=== Material for this task ===
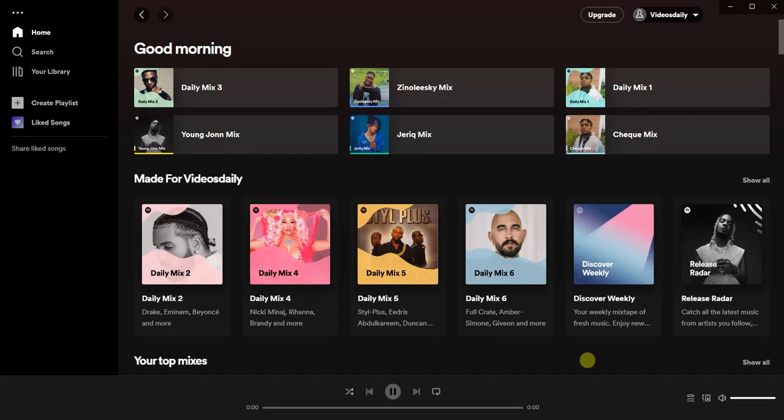Hello guys and welcome back to today's video. My name is Zeke the programming guy. In today's video I'm going to show you how to transfer liked songs to a Spotify playlist. It's very easy guys, now let's get started.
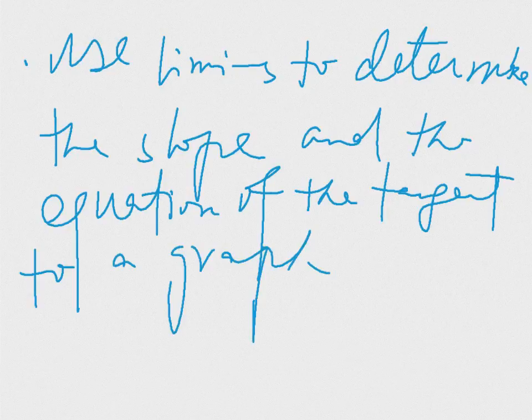Pose problems and formulate hypotheses regarding rate of change.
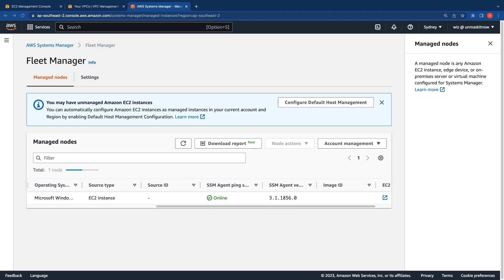Using the SSM endpoint, we were successfully able to register the instance as a managed node. However, the SSM endpoint is not sufficient to run any Systems Manager tasks. If you want to run a document against this managed node, you wouldn't be able to do that with only the SSM endpoint. For that, you also need to set up the EC2 messages interface endpoint. Let me quickly show you how without it, the document will be stuck in the pending state.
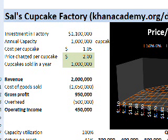In the last video, we talked a little bit about potentially starting a cupcake factory. But this is a major investment that I'm thinking about making.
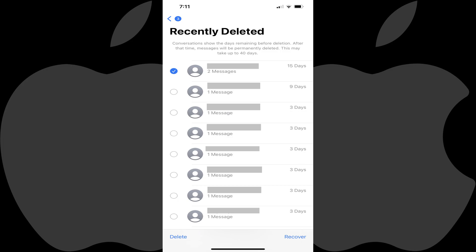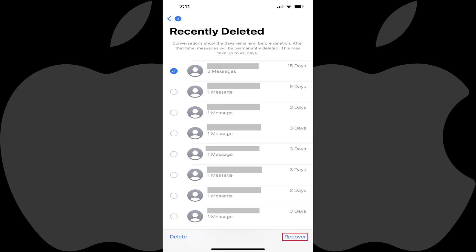If you find a text message conversation you either deleted on accident, or a conversation that you deleted on purpose but now want to restore, you can tap to place a checkmark in the circle next to that message conversation, and then tap Recover to go through the process to restore that text message conversation on your iPhone or iPad.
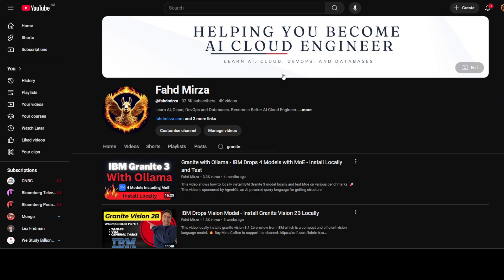I've done heaps of videos with Ollama and otherwise, so if you're interested just check out the channel.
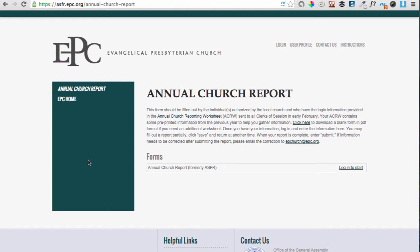Welcome to this brief tutorial on filling out the Annual Church Report. If you went to epcdata.org, you will find that you were redirected to the Annual Church Reporting page on asfr.epc.org. If you ever find yourself on another page on asfr.epc.org, you can get to this page by clicking on the Annual Church Report on the menu on the left-hand side of the page.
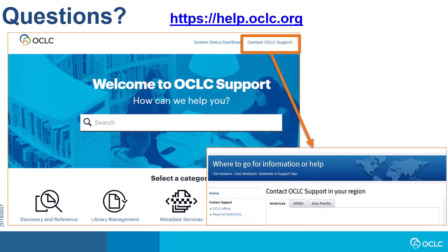If you need additional help, please visit help.oclc.org for documentation, training, and contact information for OCLC support in your region.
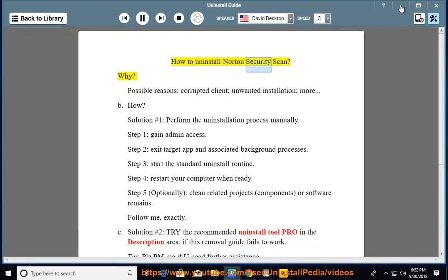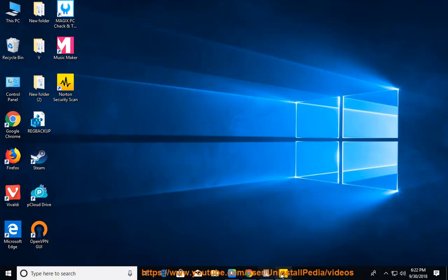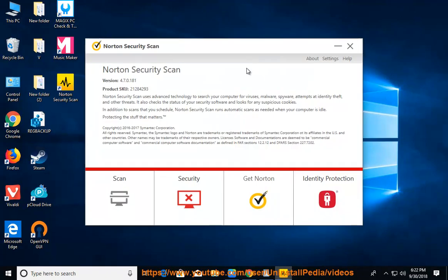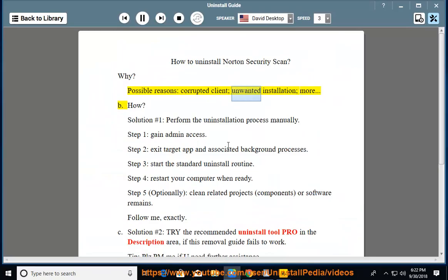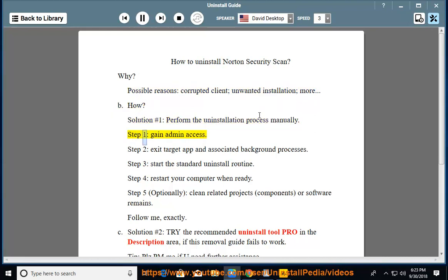How to Uninstall Norton Security Scan. Possible reasons include a corrupted client, unwanted installation, and more. Solution number 1: Perform the uninstallation process manually. Step 1: Gain admin access. Step 2: Exit the target app and associated background processes.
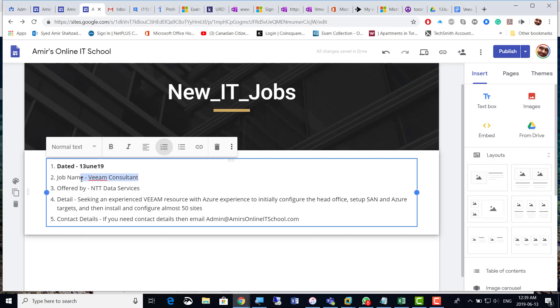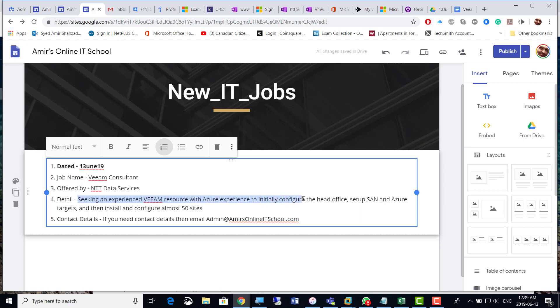job available with the company NTT Data Services in Toronto. They're seeking an experienced Veeam resource with Azure experience to initially configure the head office, set up SAN and Azure targets,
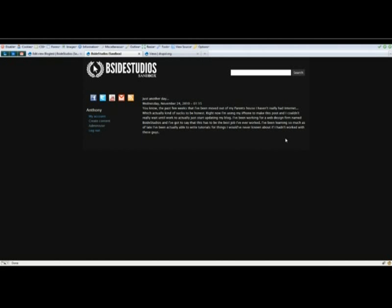If you have any questions, feel free to email us at team at bsidestudios.com. Thanks.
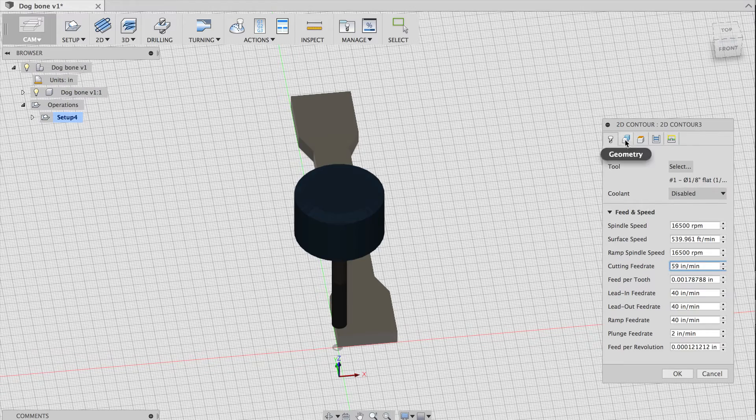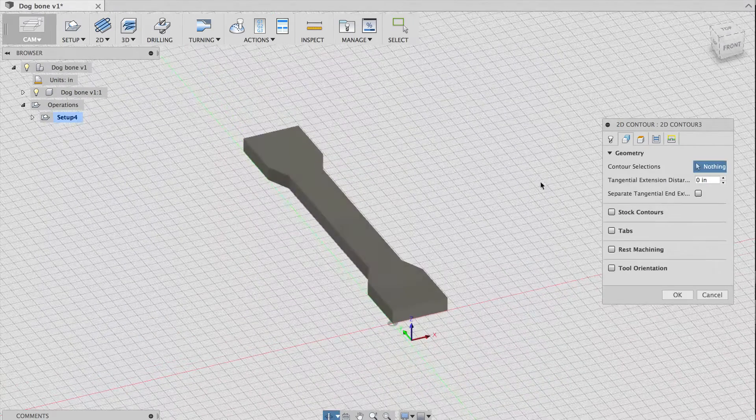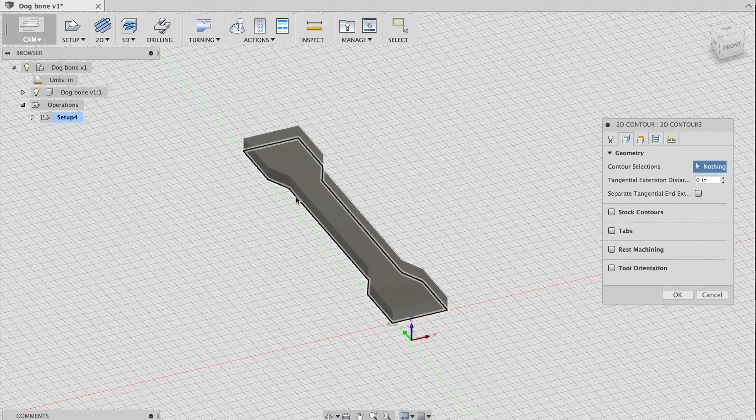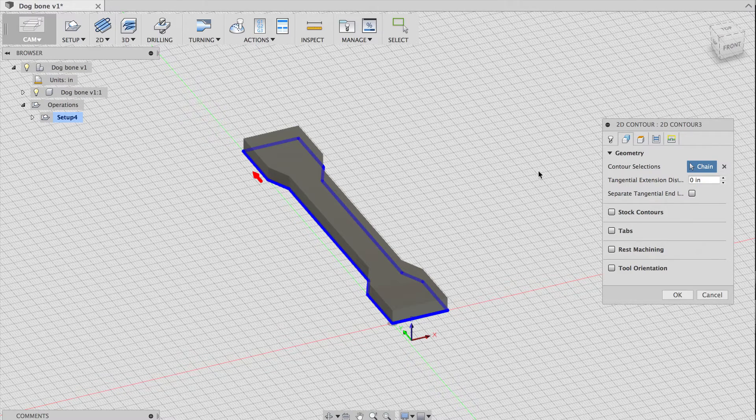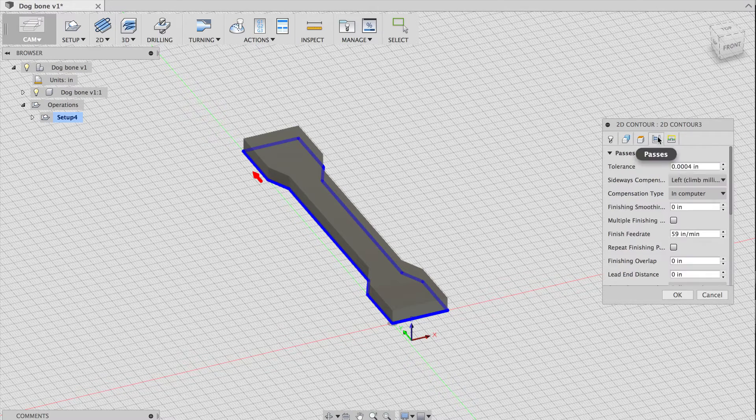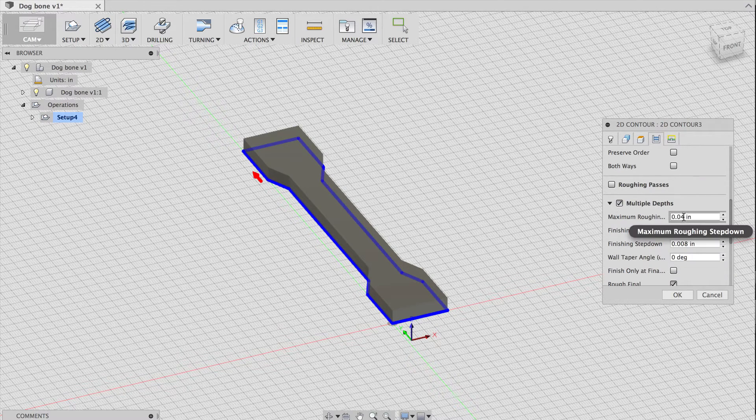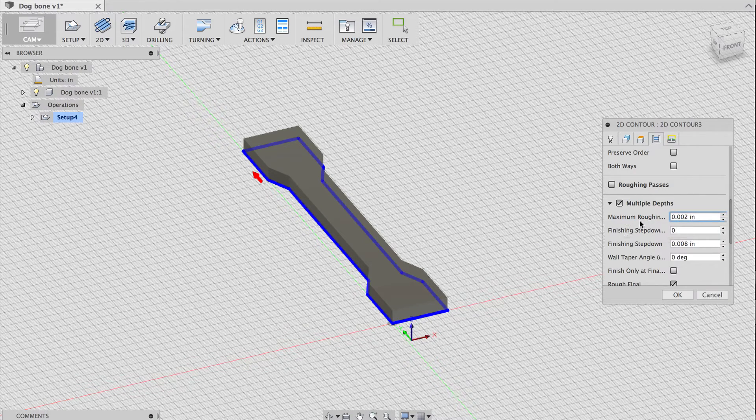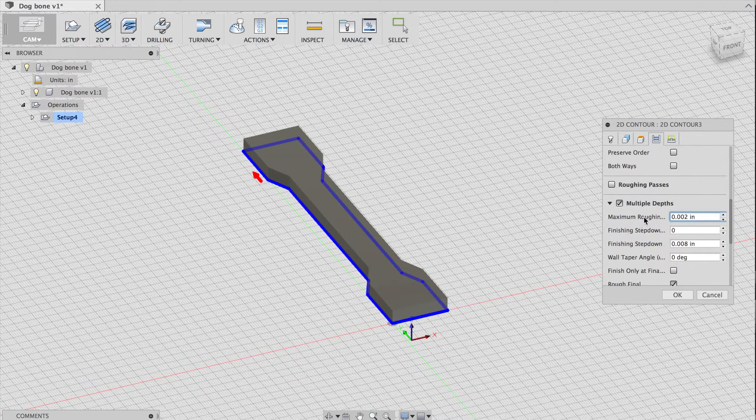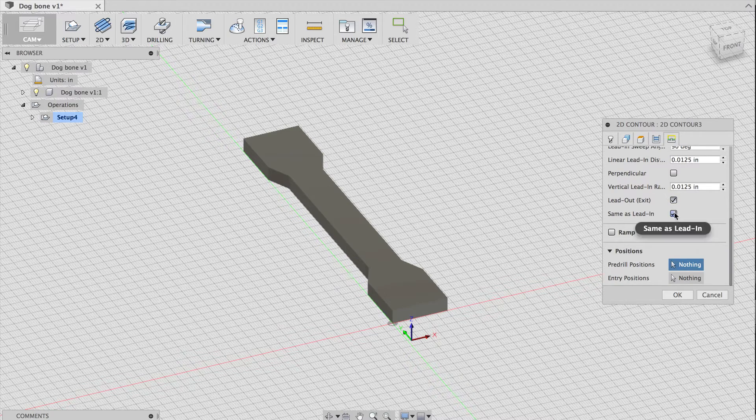To choose which geometry to mill, I'll select the outer contour of the model. In the passes tab, I'll turn on multiple depths so the machine doesn't try to mill through the entire thing in one pass, and I'll set the maximum step down to 2 thousandths of an inch, which is how deep the tool will mill on each pass.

=== Exercise directions ===
Since the pictures are not part of the copy, please transcribe only the lines above from the one with "If you find" through the one with "I've done heaps", exactly and with both ends.

=== Written solution ===
If you find a text message conversation you either deleted on accident, or a conversation that you deleted on purpose but now want to restore, you can tap to place a checkmark in the circle next to that message conversation, and then tap Recover to go through the process to restore that text message conversation on your iPhone or iPad.
I've done heaps of videos with Ollama and otherwise, so if you're interested just check out the channel.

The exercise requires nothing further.